Dick Tinto, when he wrote himself artist, was wont to derive his origin from the ancient family of Tinto, of that ilk, in Lanarkshire, and occasionally hinted that he had somewhat derogated from his gentle blood in using the pencil for his principal means of support. But if Dick's pedigree was correct, some of his ancestors must have suffered a more heavy declension, since the good man his father executed the necessary, and, I trust, the honest, but certainly not very distinguished, employment of tailor in ordinary to the village of Langdirdum in the west.. Under his humble roof was Richard born, and to his father's humble trade was Richard, greatly contrary to his inclination, early indentured. Old Mr. Tinto had, however, no reason to congratulate himself upon having compelled the youthful genius of his son to forsake its natural bent. He fared like the school-boy who attempts to stop with his finger the spout of a water cistern, while the stream, exasperated at this compression, escapes by a thousand uncalculated spurts, and wets him all over for his pains. Even so fared the senior Tinto, when his hopeful apprentice not only exhausted all the chalk in making sketches upon the shopboard, but even executed several caricatures of his father's best customers, who began loudly to murmur, that it was too hard to have their persons deformed by the vestments of the father, and to be at the same time turned into ridicule by the pencil of the son. This led to discredit and loss of practice, until the old tailor, yielding to destiny and to the entreaties of his son, permitted him to attempt his fortune in a line for which he was better qualified.

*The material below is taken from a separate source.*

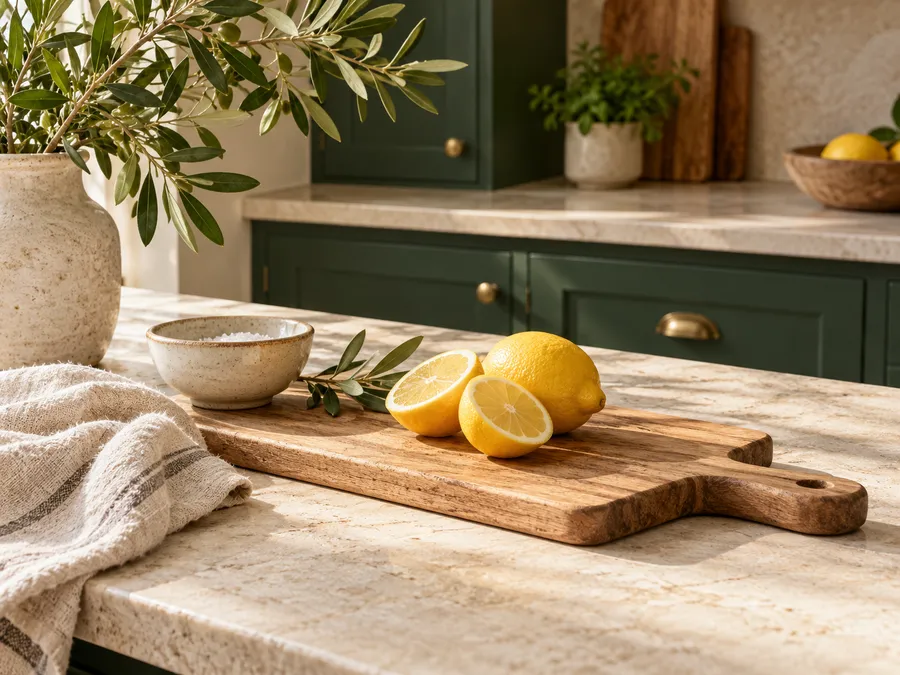 Sunlit kitchen with green cabinets, natural wood, and fresh lemons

There was about this time, in the village of Langdirdum, a peripatetic brother of the brush, who exercised his vocation sub Jove frigido, the object of admiration of all the boys of the village, but especially to Dick Tinto. The age had not yet adopted, amongst other unworthy retrenchments, that illiberal measure of economy which, supplying by written characters the lack of symbolical representation, closes one open and easily accessible avenue of instruction and emolument against the students of the fine arts. It was not yet permitted to write upon the plastered doorway of an alehouse, or the suspended sign of an inn, "The Old Magpie," or "The Saracen's Head," substituting that cold description for the lively effigies of the plumed chatterer, or the turban'd frown of the terrific soldan. That early and more simple age considered alike the necessities of all ranks, and depicted the symbols of good cheer so as to be obvious to all capacities; well judging that a man who could not read a syllable might nevertheless love a pot of good ale as well as his better-educated neighbours, or even as the parson himself. Acting upon this liberal principle, publicans as yet hung forth the painted emblems of their calling, and sign-painters, if they seldom feasted, did not at least absolutely starve.